Return each line of the data below verbatim; pictures are to be left out.

AVAILABLE DATA Start Marker

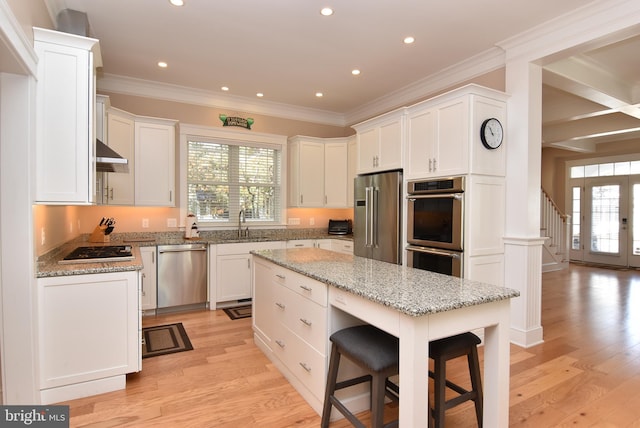 kitchen with white cabinets, light hardwood / wood-style floors, a kitchen island, and appliances with stainless steel finishes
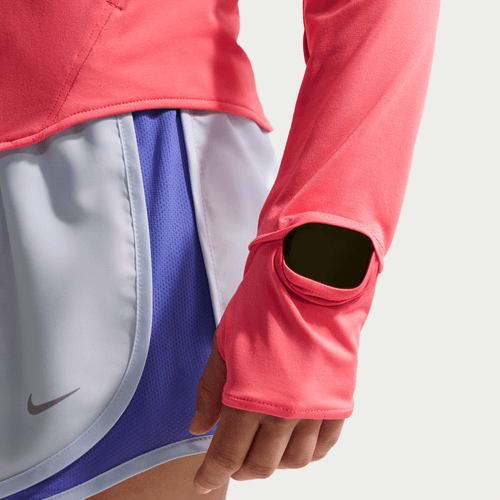 En person iført en Nike Swift UV langærmet trøje til kvinder i Sea Coral/Reflective Silver, med huller til tommelfingrene, sammen med lyslilla Nike løbeshorts. Billedet viser overkroppen og det øverste af benene.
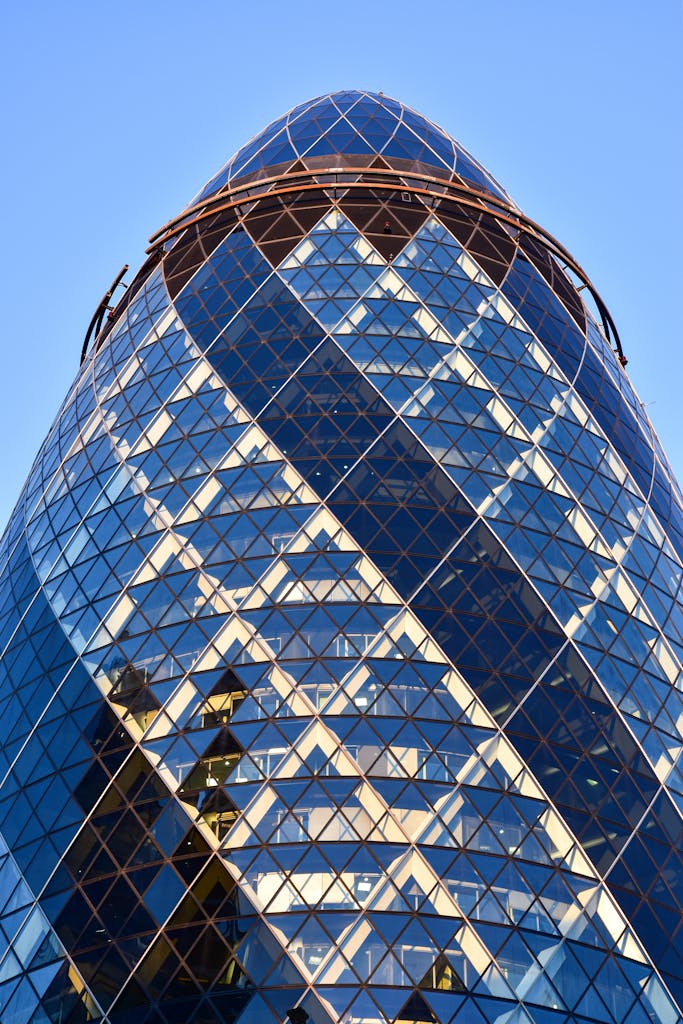 Close-up view of the modern Gherkin building's architectural design in London, England.
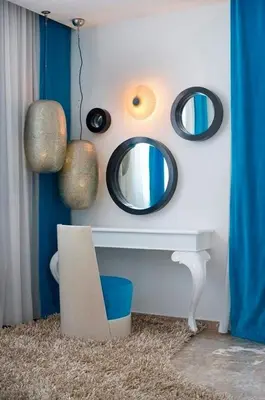 a room with a mirror and a table with a chair at Exquisite Protaras Villa Villa Bulat 4 Bedrooms Beachfront in Protaras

AVAILABLE DATA End Marker

OUTPUT FOR THIS EXERCISE:
 kitchen with white cabinets, light hardwood / wood-style floors, a kitchen island, and appliances with stainless steel finishes
 En person iført en Nike Swift UV langærmet trøje til kvinder i Sea Coral/Reflective Silver, med huller til tommelfingrene, sammen med lyslilla Nike løbeshorts. Billedet viser overkroppen og det øverste af benene.
 Close-up view of the modern Gherkin building's architectural design in London, England.
 a room with a mirror and a table with a chair at Exquisite Protaras Villa Villa Bulat 4 Bedrooms Beachfront in Protaras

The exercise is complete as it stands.